Qui nous aidera, se demandent ceux qui restent, à retrouver nos pères et nos
frères une fois que les Israéliens seront partis ?

Naplouse : Trois volontaires du Mouvement de Solidarité Internationale ont
séjourné dans la ville pendant trois jours. Ils rapportent qu’il est
toujours difficile pour les ambulances d’atteindre les malades et les
blessés. Hier, une ambulance a été criblée de balles ; d’autres sont
interceptées et fouillées. Mary Kelley (une Irlandaise) rapporte que, dans
l’ambulance où elle se trouvait, le chauffeur a été forcé de se dépouiller
d’une partie de ses vêtements.

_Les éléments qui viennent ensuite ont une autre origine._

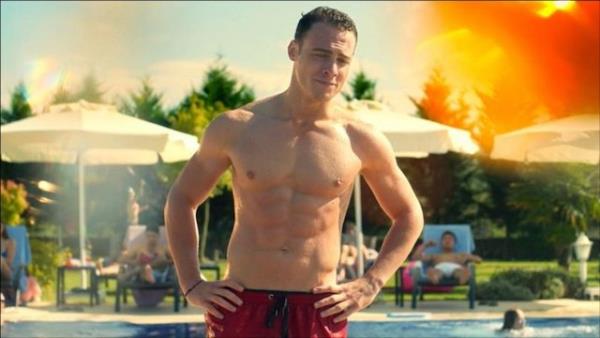 Bir ylda fiyatn yzde 150 arttrp rekor krd. Bursin reklam fiyatna da zam yapt. Geen yl cep telefonu mesaj uygulamas ve ay reklamndan 200'er bin TL alan Kerem Bursin artk 500 ile 750 bin TL arasnda kamera karsna geecek. (Posta)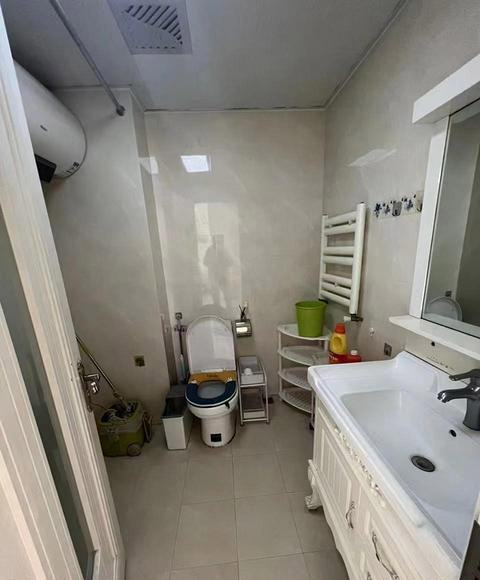 中海临安府 3室1厅精装 南北通 业主急售 中海临安府 3室1厅精装 南北通 业主急售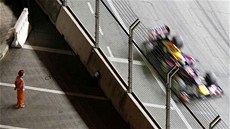 NEJRYCHLEJÍ. Sebastian Vettel v druhém tréninku Velké ceny Singapuru formule 1.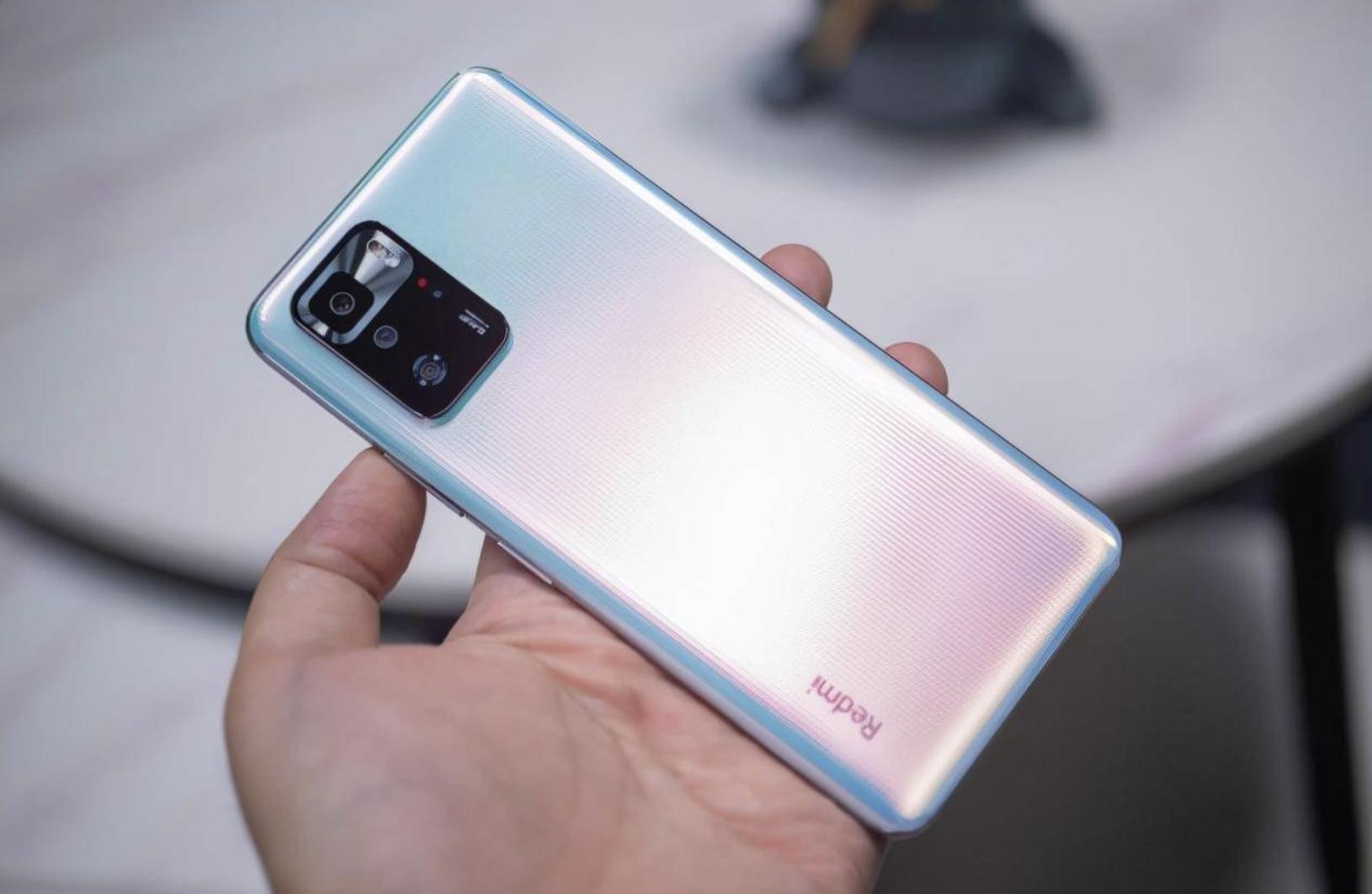 这四款高性价比手机别错过,推荐几款性能强劲性价比高的手机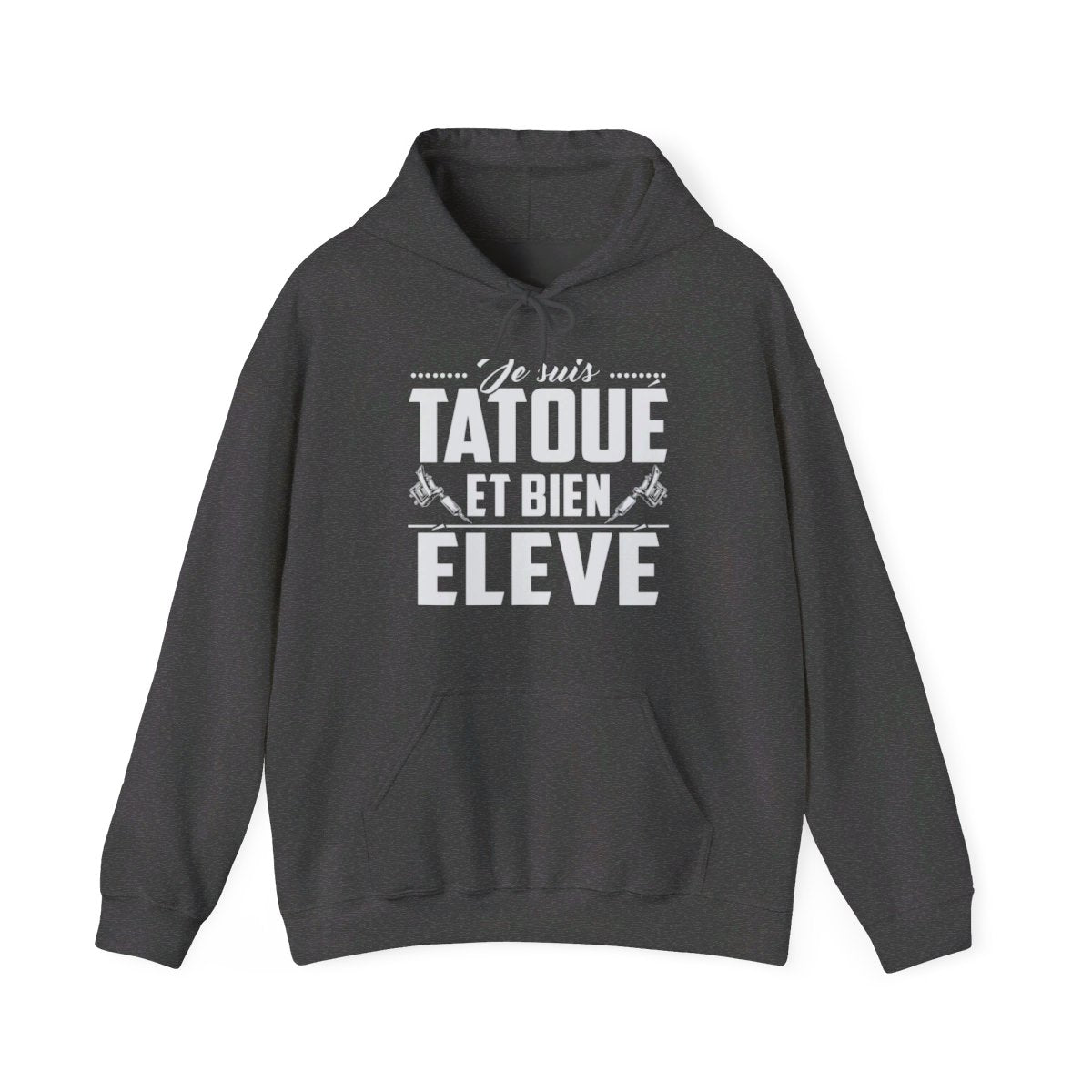 Tatoué et bien élevé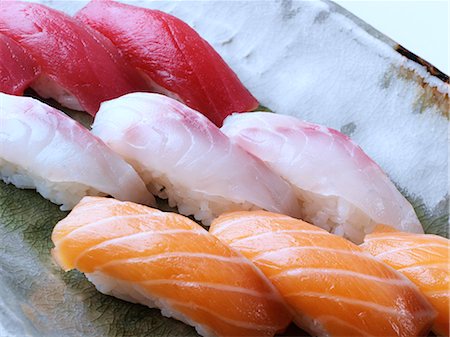 sushi - Tuna sushi with rice smoked salmon Photographie de stock - Rights-Managed, Code: 824-07585971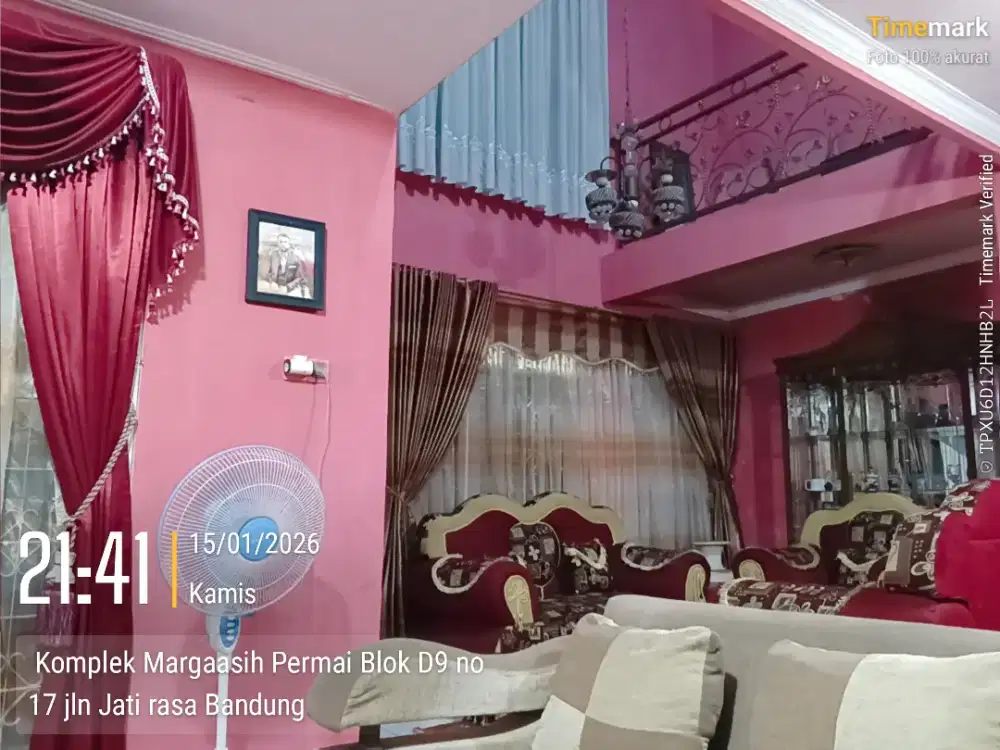 Di BTUHKAN ART WANITA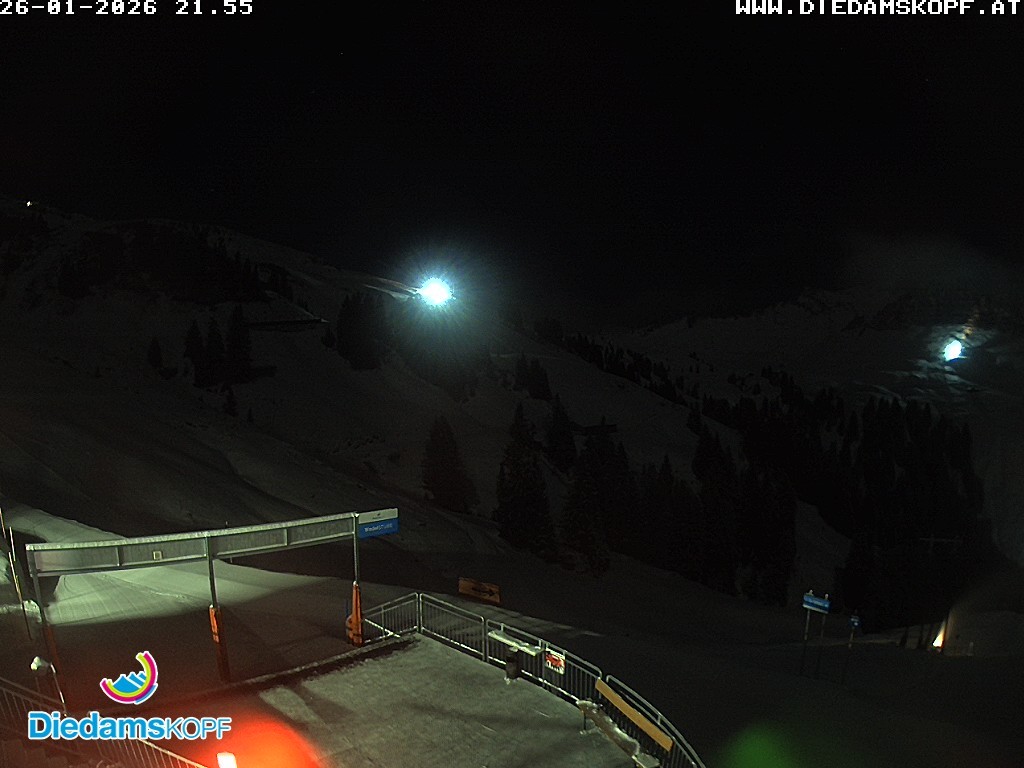 Archived image Webcam Mountain Diedamskopf - View Wedelstube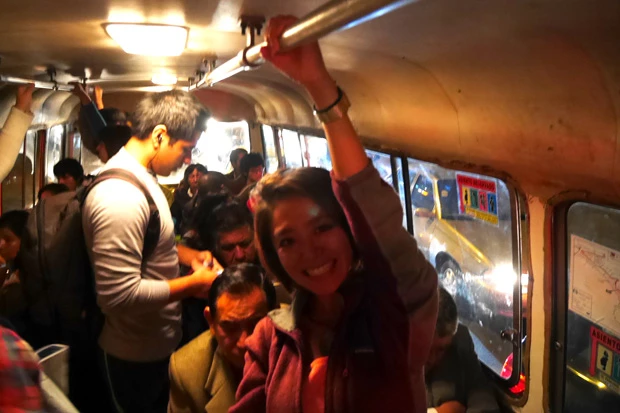 『勇気を出してリマの路線バス』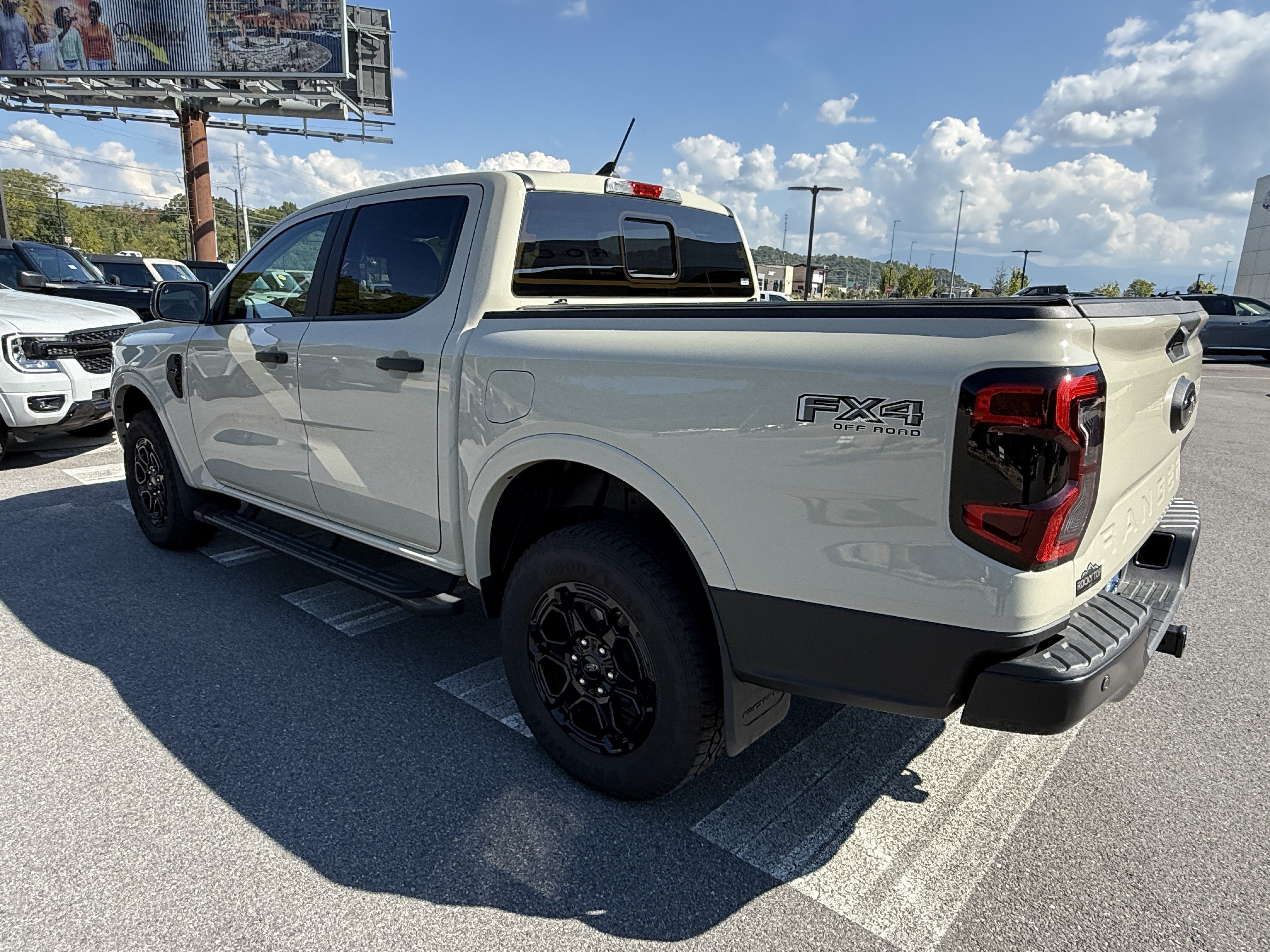 Used 2025 Ford Ranger XLT w/ Equipment Group 301A High AWD/4WD image 7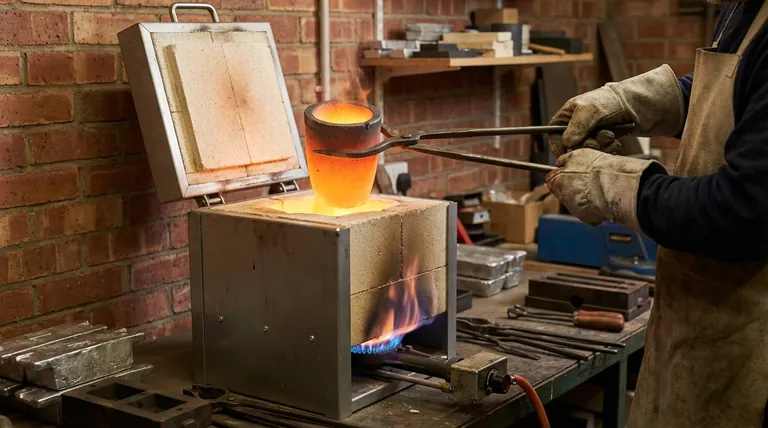 도가니로(Crucible Furnace)에 대한 짧은 설명은 무엇인가요? 실험실 및 장인을 위한 간단하고 제어된 용융 안내서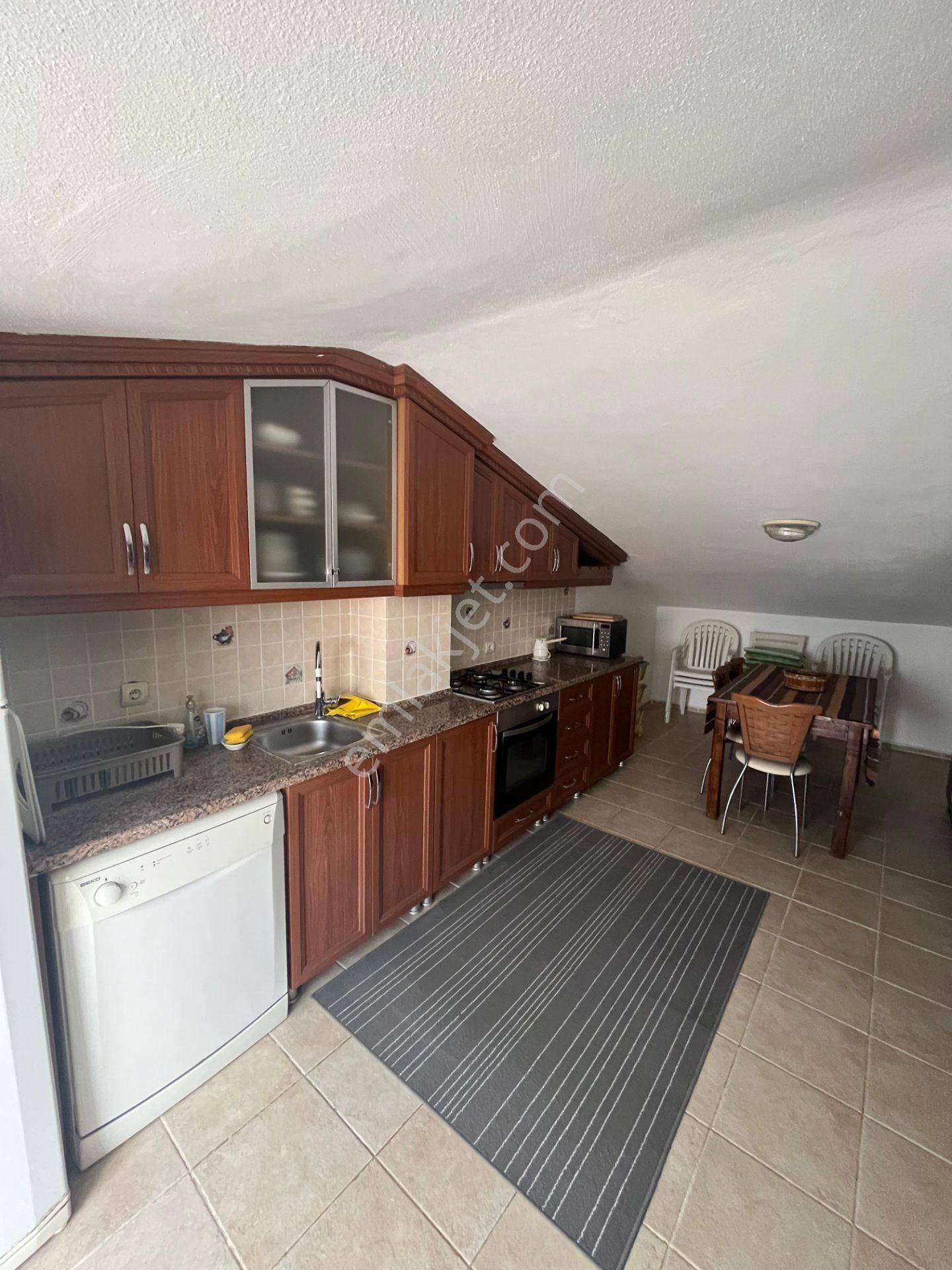 Kuşadası Güzelçamlı Mahallesinde Ful Eşyalı Kiralık Dubleks Daire 50.000 Tl. - Görsel 8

Les médecins de l’hôpital Rafedia craignent
que les soldats n’essayent d’entrer dans l’hôpital pour y trouver des
personnes "recherchées" parmi les blessés. L’armée israélienne encercle cet
hôpital depuis hier, mais jusqu’à présent n’y est pas entrée. Il y a un
besoin urgent de fourniture d’oxygène, mais les soldats israéliens ne
laissent rien passer malgré les tentatives de coordination avec les
autorités militaires. Les trois volontaires Beth Daoud (de nationalité
américaine), Paul Larudee (Américain) et Mary Kelley (Irlandaise) peuvent
être joints au numéro +972-56-589-156.

Jénine :Des récits horribles continuent à nous parvenir de la ville et du
camp de réfugiés de Jénine. Nous avons essayé d’y faire entrer des civils
étrangers, mais nous n’y avons pas réussi jusqu’à présent. Avant-hier, nous
avons tenté d’y envoyer 13 "internationaux" et hier encore 8. Tous, de même
qu’un certain nombre de journalistes étrangers, se sont vu interdire
l’entrée de la ville par les forces israéliennes. Les internationaux ont
passé la nuit dans un village voisin où des réfugiés et et des prisonniers
relâchés du camp de réfugiés de Jénine avaient trouvé refuge. Voici un
compte-rendu émanant des13 internationaux précités, qui nous a été remis
avant-hier.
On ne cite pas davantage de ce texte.